Personal information
- Full name: Elliot James Hanson
- Nationality: British
- Born: 12 February 1994 (age 32) Macclesfield, England

Sailing career
- Sport: Sailing
- Club: Redesmere Sailing Club
- Class(es): ILCA 7, ILCA 6, Topper

Medal record
Representing United Kingdom
World Championships
| Gold medal – first place | 2022 Hankø | 5.5 Metre |
| Gold medal – first place | 2008 Tralee | Topper |
European Championships
| Gold medal – first place | 2020 Gdańsk | Laser |

= Elliot Hanson =

British sailor

Elliot James Hanson (born 12 February 1994) is a British professional sailor and Olympian.

He qualified Great Britain to compete in the Laser class at the 2020 Summer Olympics in Tokyo. He went on to represent Great Britain finishing 12th competing in the Laser class.
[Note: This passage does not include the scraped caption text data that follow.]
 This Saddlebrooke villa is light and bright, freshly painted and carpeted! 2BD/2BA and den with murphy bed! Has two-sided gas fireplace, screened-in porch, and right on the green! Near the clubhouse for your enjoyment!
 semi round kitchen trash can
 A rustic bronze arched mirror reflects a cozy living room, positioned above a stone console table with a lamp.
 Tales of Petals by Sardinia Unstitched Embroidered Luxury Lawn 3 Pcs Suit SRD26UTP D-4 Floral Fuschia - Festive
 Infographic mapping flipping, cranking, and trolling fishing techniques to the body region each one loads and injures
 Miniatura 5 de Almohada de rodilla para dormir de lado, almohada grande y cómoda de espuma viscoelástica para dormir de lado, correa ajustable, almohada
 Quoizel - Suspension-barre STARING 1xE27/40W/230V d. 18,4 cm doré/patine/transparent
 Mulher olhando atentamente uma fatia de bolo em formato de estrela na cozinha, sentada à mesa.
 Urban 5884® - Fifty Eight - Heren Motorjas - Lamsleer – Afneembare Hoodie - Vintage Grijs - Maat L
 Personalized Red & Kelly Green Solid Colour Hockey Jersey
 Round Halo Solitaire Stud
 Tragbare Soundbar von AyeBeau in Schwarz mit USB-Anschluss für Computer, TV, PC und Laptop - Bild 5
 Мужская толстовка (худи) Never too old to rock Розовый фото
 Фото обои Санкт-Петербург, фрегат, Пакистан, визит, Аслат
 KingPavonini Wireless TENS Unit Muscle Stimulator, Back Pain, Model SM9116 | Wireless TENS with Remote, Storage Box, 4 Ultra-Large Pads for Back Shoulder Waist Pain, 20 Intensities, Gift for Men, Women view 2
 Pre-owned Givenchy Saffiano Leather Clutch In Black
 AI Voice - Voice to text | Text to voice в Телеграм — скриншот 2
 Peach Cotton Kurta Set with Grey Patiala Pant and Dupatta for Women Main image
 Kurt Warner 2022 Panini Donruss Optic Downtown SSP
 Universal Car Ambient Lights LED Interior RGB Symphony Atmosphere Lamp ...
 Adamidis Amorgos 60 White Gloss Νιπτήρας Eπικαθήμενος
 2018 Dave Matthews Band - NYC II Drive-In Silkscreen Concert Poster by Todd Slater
In 2020 he won the Laser European Championships

In 2008 he Won the Topper World Championships and in 2022 he has also won the 2023 5.5 Metre World Championship where he was initial scheduled to crew but he ended up helming.

Hanson is currently ranked 5th in the ILCA 7 World Sailing rankings, placing as the 2nd sailor from Great Britain.